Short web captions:

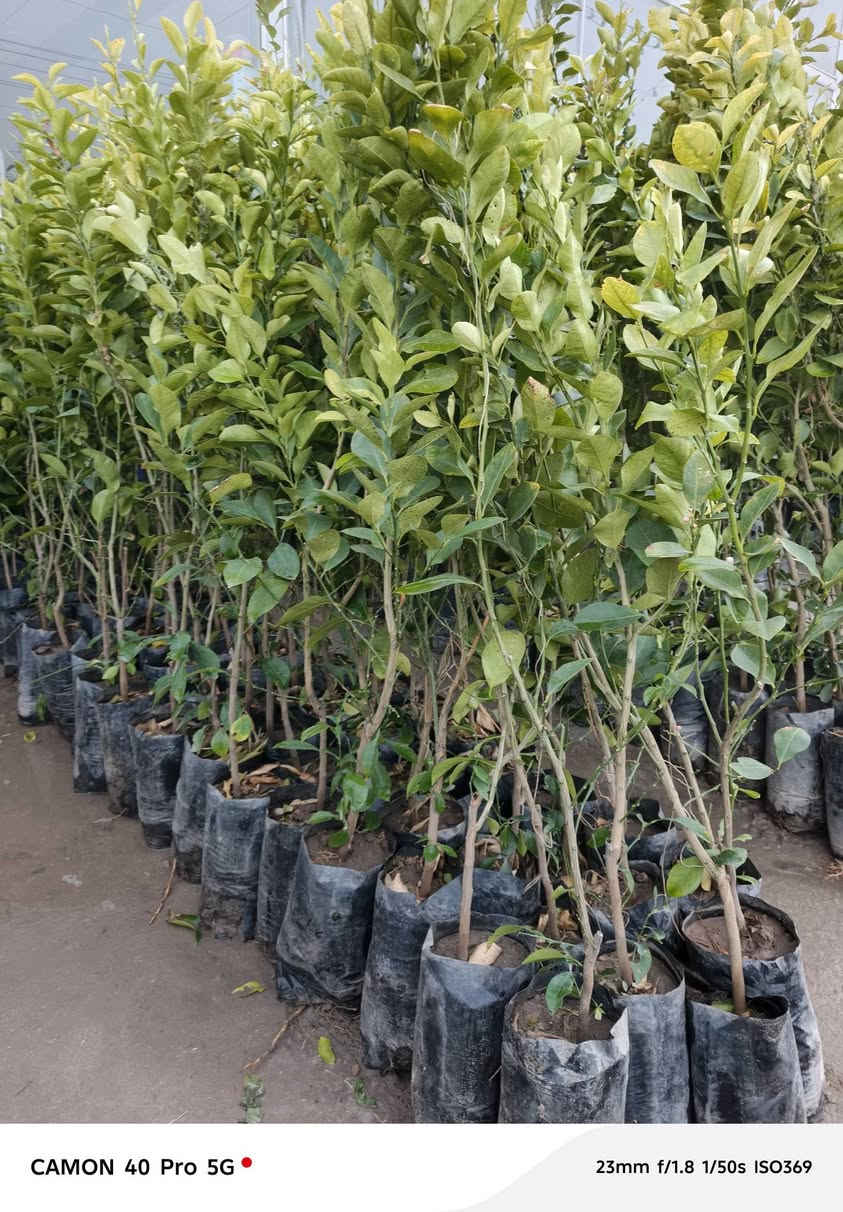 جميع انواع الحمضيات وجبه جديده اليوم ١٧ رمضان في مشتل شهاب الزراعي وبأسعار مناسبه 
استفسار+ واتساب ***********
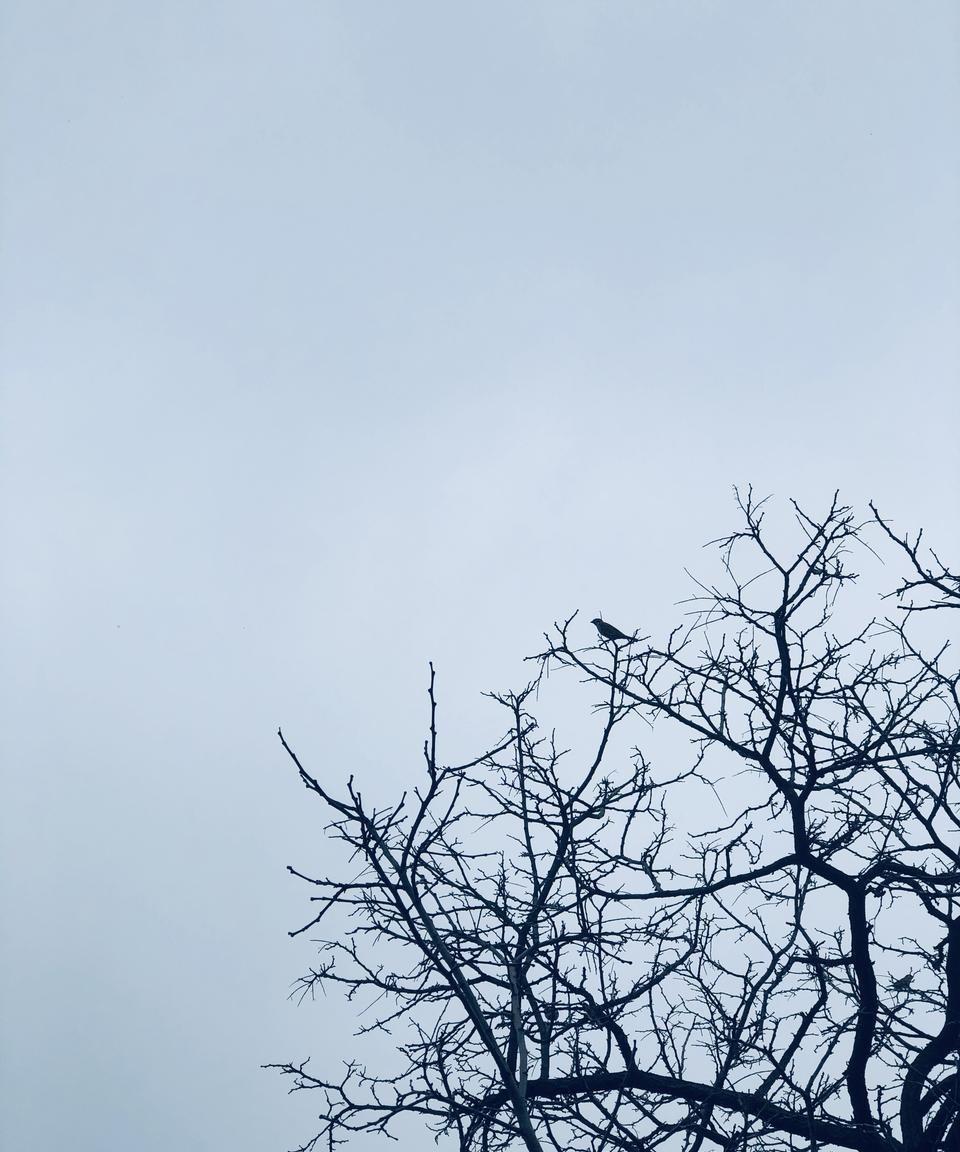 观察发现：
单位里当你身处低位的时候；
你是能够真切发现周围人的真实面孔；
而当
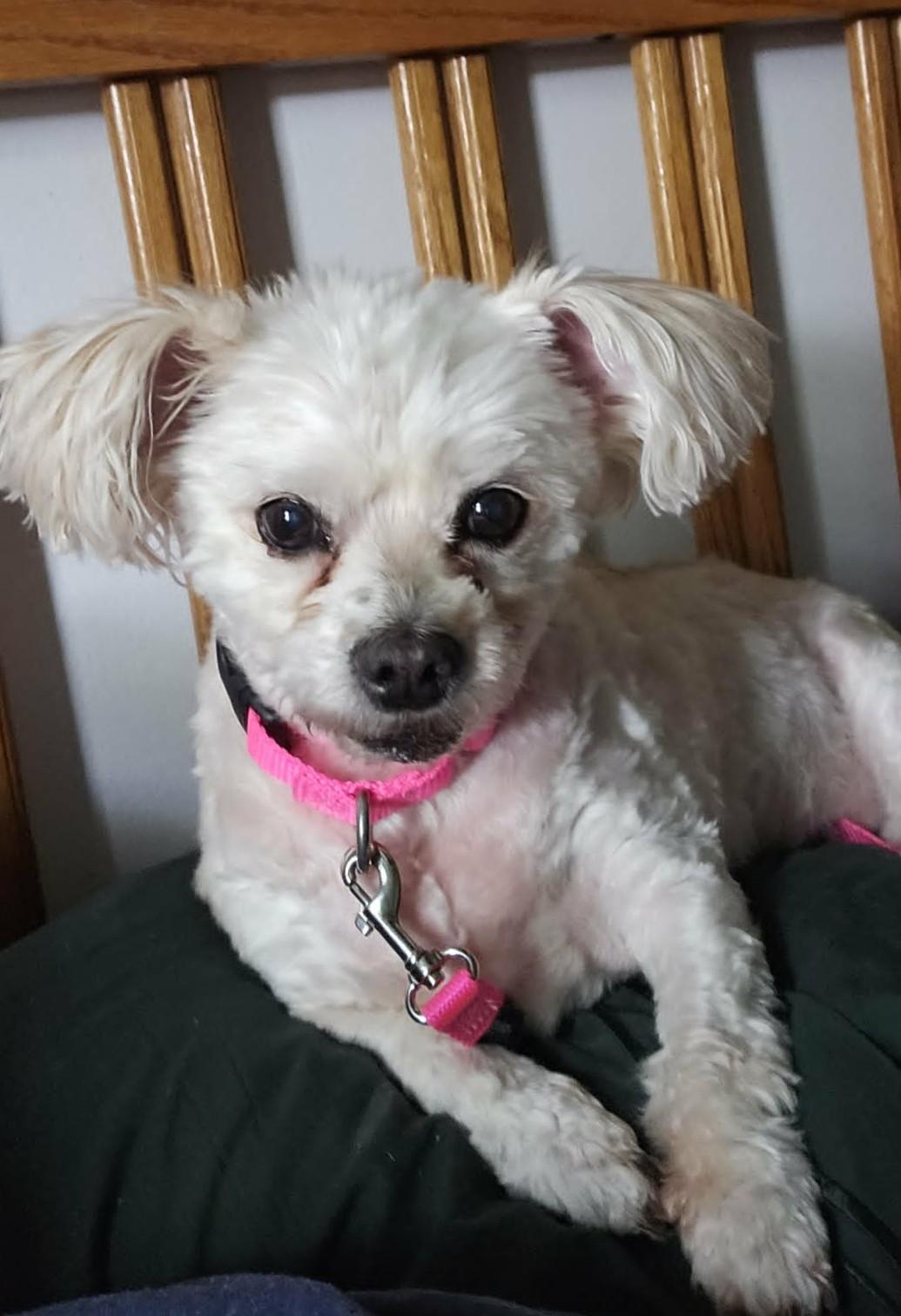 Penelope aka Penny, a ADOPTABLE mixed breed in Troy, MI image 2/5
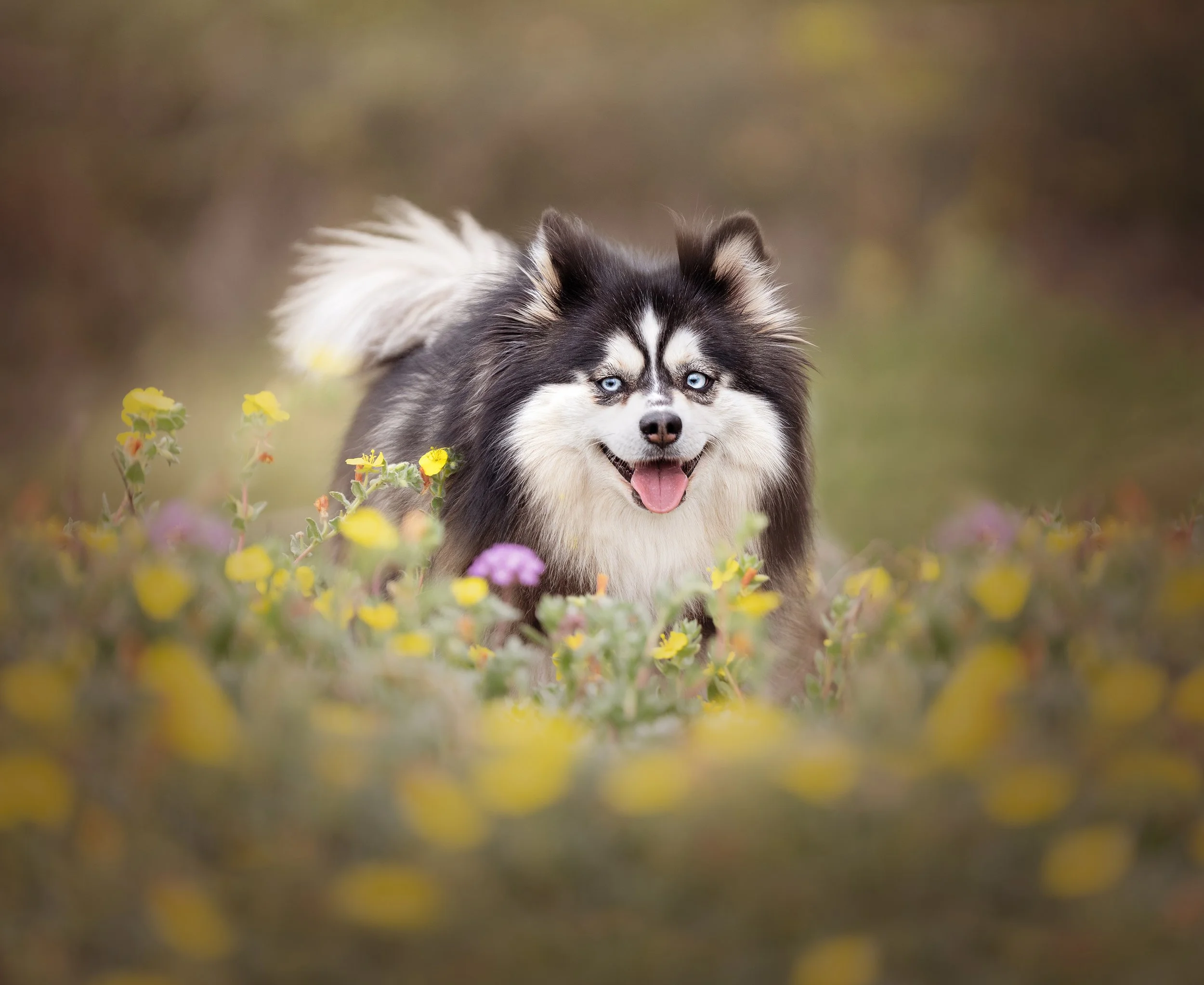 A happy black and white Pomeranian Husky mix, Pomsky with piercing blue eyes, outdoors among yellow flowers with a blurred background.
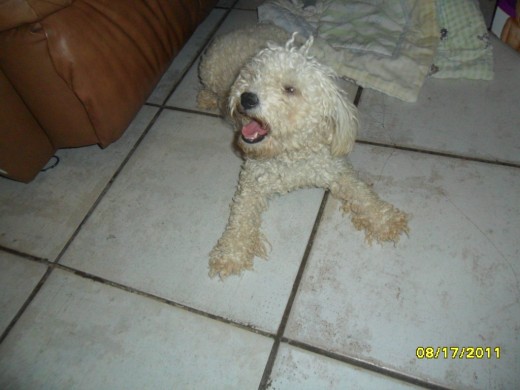 roxy tiene dos anos de edad desde las seis semanas esta con nuestra fmilia fue un regalo que hize a mis hijos despues de que pasaramos una etapa de rebeldia de uno de ellos y se convirtio en otro miembro mas de nuestra familia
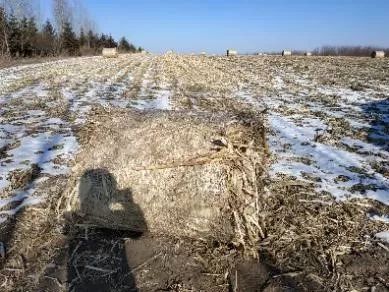 海伦富硒大米怎么卖（海伦富硒米多少钱一斤）-硒宝网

## What you will do:
Every line from the one containing "单位里当你身处低位的时候；" through the end of the entries above is to be copied exactly; pictures are to be left out.

## Answer:
单位里当你身处低位的时候；
你是能够真切发现周围人的真实面孔；
而当
 Penelope aka Penny, a ADOPTABLE mixed breed in Troy, MI image 2/5
 A happy black and white Pomeranian Husky mix, Pomsky with piercing blue eyes, outdoors among yellow flowers with a blurred background.
 roxy tiene dos anos de edad desde las seis semanas esta con nuestra fmilia fue un regalo que hize a mis hijos despues de que pasaramos una etapa de rebeldia de uno de ellos y se convirtio en otro miembro mas de nuestra familia
 海伦富硒大米怎么卖（海伦富硒米多少钱一斤）-硒宝网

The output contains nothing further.